--- START ---

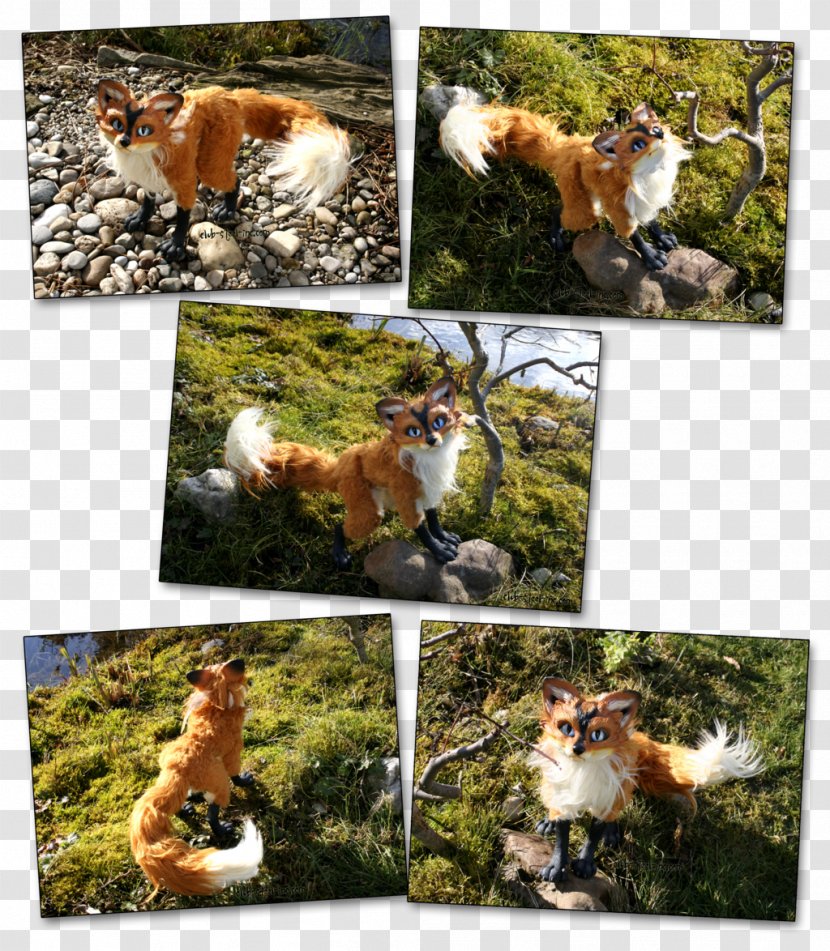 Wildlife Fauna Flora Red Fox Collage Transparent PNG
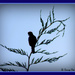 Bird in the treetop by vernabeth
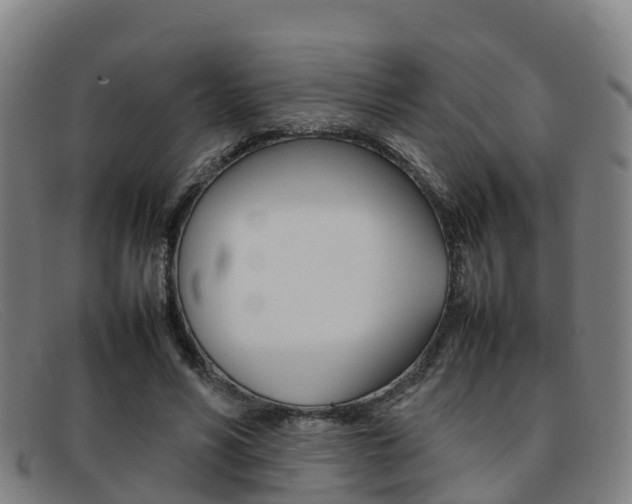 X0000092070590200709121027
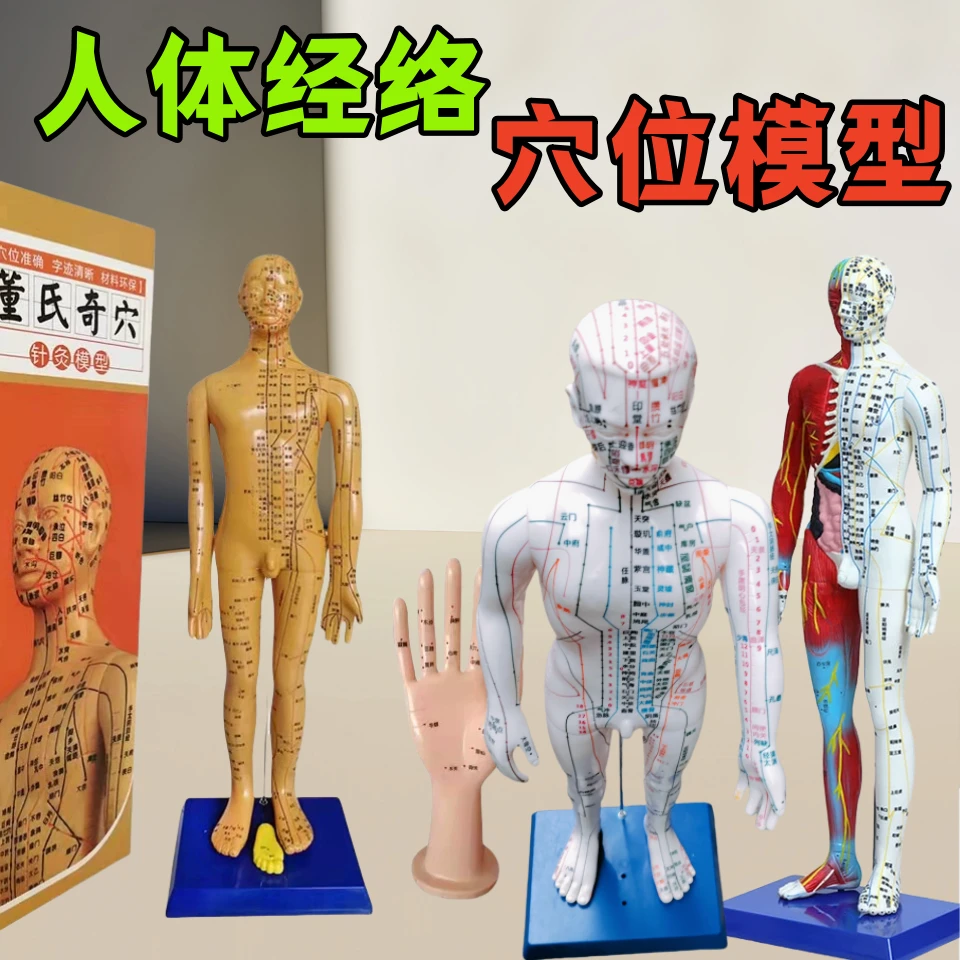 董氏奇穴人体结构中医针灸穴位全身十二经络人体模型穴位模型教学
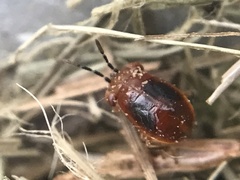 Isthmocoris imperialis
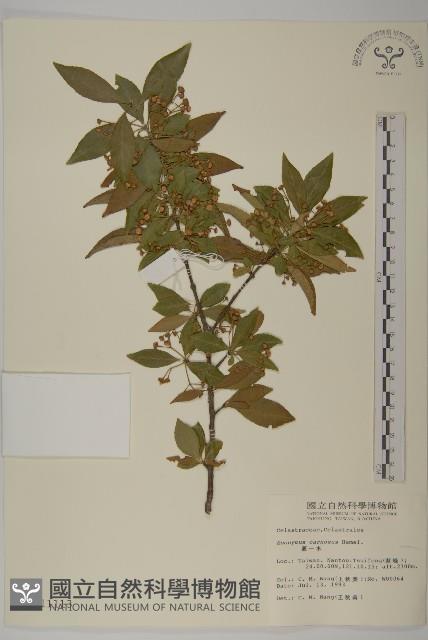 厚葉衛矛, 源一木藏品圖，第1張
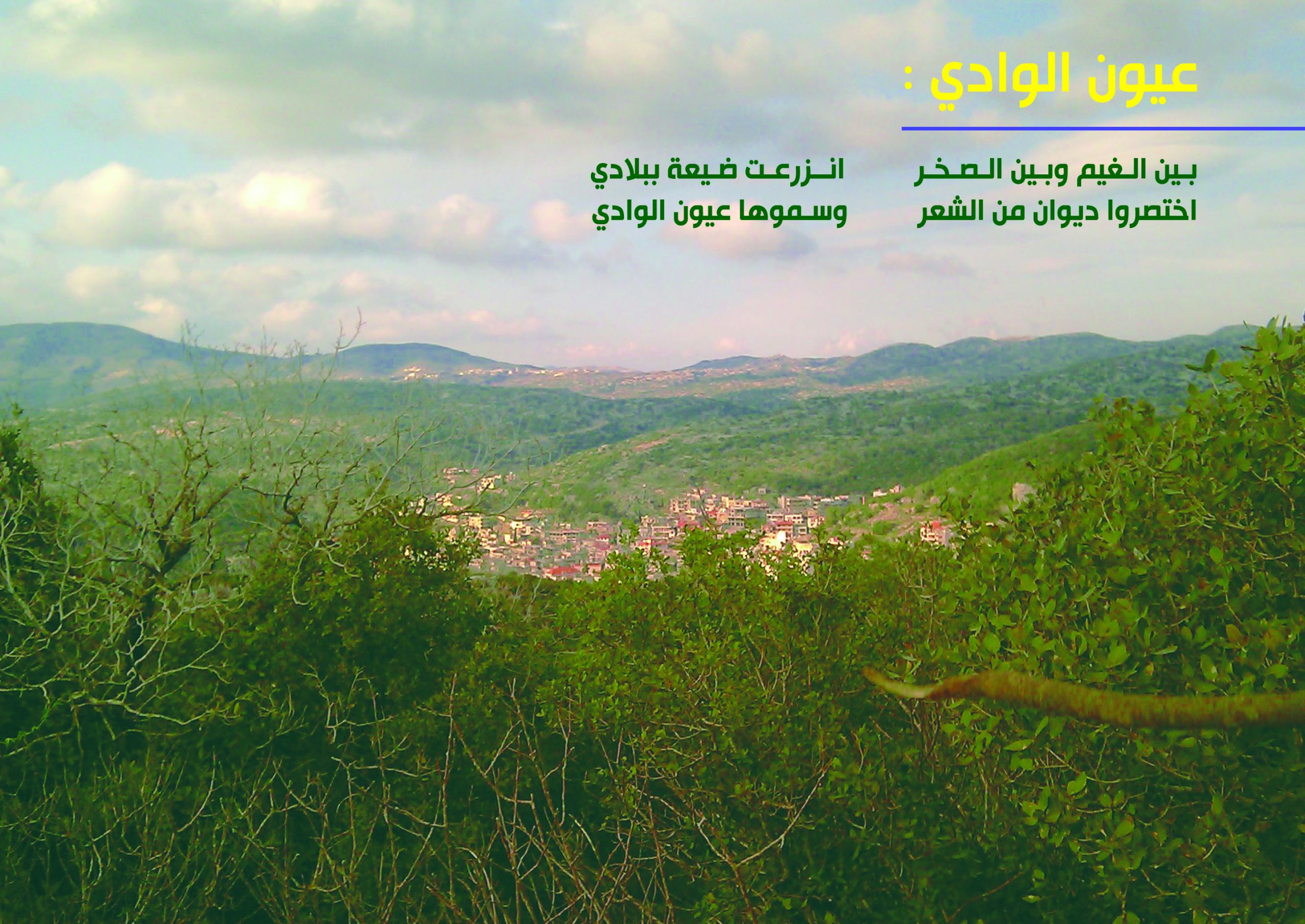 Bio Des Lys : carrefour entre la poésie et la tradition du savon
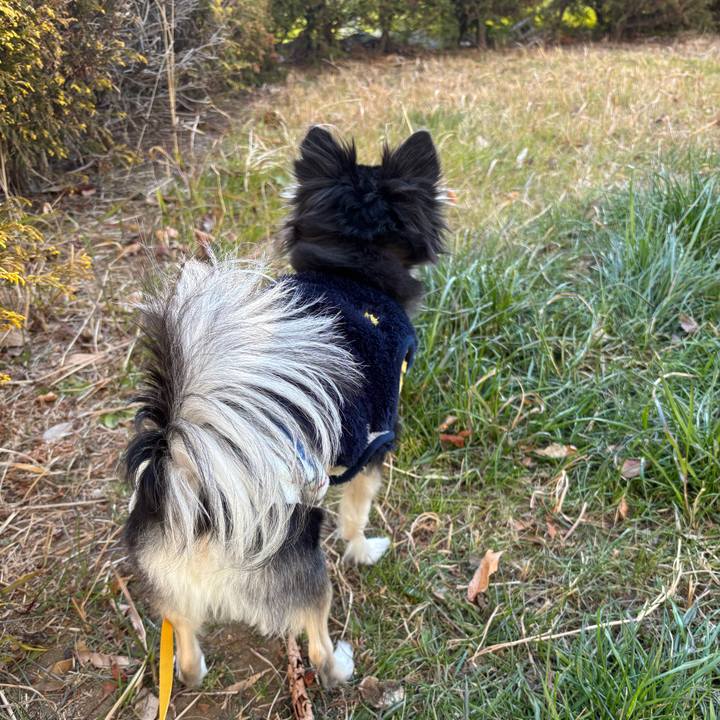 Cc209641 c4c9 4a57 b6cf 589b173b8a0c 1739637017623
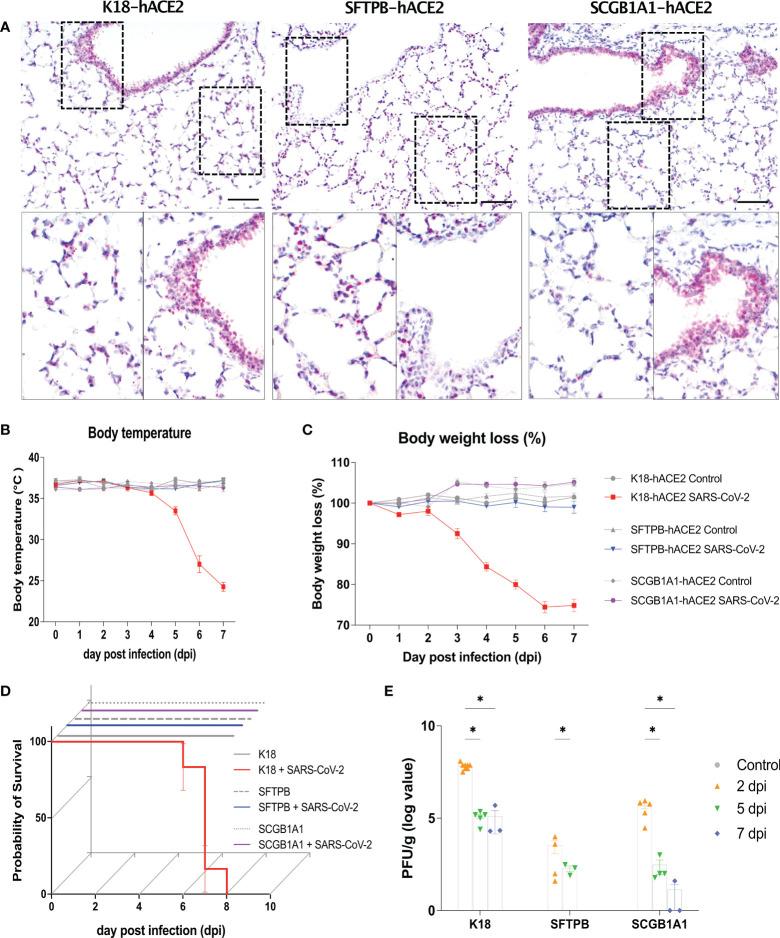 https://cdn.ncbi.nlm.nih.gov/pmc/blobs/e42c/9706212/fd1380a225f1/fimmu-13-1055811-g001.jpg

--- END ---

### [Task brief]
Copy nothing outside the span: please output the lines from the one with "Isthmocoris imperialis" through the end of the entries above, and skip the pictures.

### [Exercise response]
 Isthmocoris imperialis
 厚葉衛矛, 源一木藏品圖，第1張
 Bio Des Lys : carrefour entre la poésie et la tradition du savon
 Cc209641 c4c9 4a57 b6cf 589b173b8a0c 1739637017623
 https://cdn.ncbi.nlm.nih.gov/pmc/blobs/e42c/9706212/fd1380a225f1/fimmu-13-1055811-g001.jpg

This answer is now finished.